Like many undergraduate students, Jessica Fernandez had no idea about the variety of career paths available for someone with a PhD in biology. She expected to go into nursing, but changed her mind when she took a microbiology class.
“The professor was so engaging and excited about microbiology that I scheduled a meeting with them to discuss potential career options in microbiology,” says Fernandez, who continued taking biology classes when she transferred to California State University in Los Angeles. While there, she joined a research team that collaborated with the Jet Propulsion Lab characterizing microbes isolated from space crafts and clean rooms.
Fernandez joined the PhD program in biochemistry and cellular and molecular biology at UT in fall 2014. Her decision to come to UT was in large part due to the wide variety of research projects to choose from within the department. She was admitted as a scholar in the NIH-funded Program for Excellence and Equity in Research (PEER). After rotating in several labs, Fernandez joined the Burch-Smith lab where she studies the role of cell-to-cell communication in plants through pore-like structures called plasmodesmata.
“These structures have diverse roles, including being involved in pathogen responses,” Fernandez says. “My project focuses specifically on the roles of secondary metabolites produced by plants in regulating intercellular trafficking through the plasmodesmata.”
In 2019, she was awarded an F31 Ruth L. Kirschstein Individual National Research Service Award from the National Institutes of Health to support her research.
“Writing my own grant was a real eye opener on organizing what I need to complete experimentally,” Fernandez says. “It truly allowed me to focus and keep my eye on the prize.
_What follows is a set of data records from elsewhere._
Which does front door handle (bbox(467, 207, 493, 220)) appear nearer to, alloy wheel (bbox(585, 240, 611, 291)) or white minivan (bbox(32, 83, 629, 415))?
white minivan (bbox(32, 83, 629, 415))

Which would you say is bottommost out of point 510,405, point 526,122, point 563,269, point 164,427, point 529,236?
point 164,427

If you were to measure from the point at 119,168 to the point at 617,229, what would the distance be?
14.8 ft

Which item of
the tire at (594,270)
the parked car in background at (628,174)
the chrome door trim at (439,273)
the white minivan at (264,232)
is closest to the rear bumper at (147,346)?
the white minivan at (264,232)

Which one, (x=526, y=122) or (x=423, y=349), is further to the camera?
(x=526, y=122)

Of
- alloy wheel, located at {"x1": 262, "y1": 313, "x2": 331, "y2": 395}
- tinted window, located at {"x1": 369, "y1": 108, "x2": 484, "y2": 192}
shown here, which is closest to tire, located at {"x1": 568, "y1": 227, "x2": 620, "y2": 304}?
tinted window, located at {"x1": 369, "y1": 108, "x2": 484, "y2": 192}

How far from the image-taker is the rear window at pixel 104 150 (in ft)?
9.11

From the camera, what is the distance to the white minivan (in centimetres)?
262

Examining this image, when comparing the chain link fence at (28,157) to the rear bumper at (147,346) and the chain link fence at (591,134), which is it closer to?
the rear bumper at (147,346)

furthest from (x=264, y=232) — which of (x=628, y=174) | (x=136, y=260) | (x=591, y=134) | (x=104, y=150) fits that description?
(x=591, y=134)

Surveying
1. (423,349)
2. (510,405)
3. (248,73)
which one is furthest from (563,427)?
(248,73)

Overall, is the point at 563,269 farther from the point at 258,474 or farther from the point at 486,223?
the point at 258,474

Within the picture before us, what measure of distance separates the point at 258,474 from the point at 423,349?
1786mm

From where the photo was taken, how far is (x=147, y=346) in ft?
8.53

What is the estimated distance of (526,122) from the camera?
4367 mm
Since submitting the very first proposal, which was rejected, I was able to think of the project clearer. The resubmission was definitely an easier process and the proposal was much stronger.”
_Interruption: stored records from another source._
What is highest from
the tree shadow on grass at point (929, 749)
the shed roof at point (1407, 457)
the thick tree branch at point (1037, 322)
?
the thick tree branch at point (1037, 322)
In 2020, she won the Dr. Ray Holton Plant Sciences Award and Dissertation Improvement Award for her research. She currently has 10 publications. Research, however, is not always an easy or linear path. There are often obstacles that must be worked through.
“One of my most memorable moments was trying to get a northern blot to work for a paper we were re-submitting,” Fernandez says. “The protocol was about 13 hours long and I couldn’t get the image. Turns out, a buffer was bad. Finally, at around 11 p.m. on the night before the paper was due, I got the image. I called my advisor and we both screamed with joy! The next morning we got the figure and submitted the paper.”
Fernandez appreciates the collaborative and supportive environment in BCMB and looks for the same in any post-doctoral program she enters. She also has support at home that helps as she balances work and personal time, which is difficult at any career stage.
“I always feel like I never give either research or my family the time they deserve. I don’t have any given times that I try to meet, but if the week is light for work, I’ll try and spend more time at home,” Fernandez says. “I have a very supportive husband though, so I never have to really worry about dinner or taking charge of night routines for our child if I’m running late.”
In the small amount of spare time outside of lab and family, Fernandez likes to garden.
“The past two summers we’ve grown all kinds of vegetables,” she says. “It’s very meditative to go out and look at the fruits of my labors.”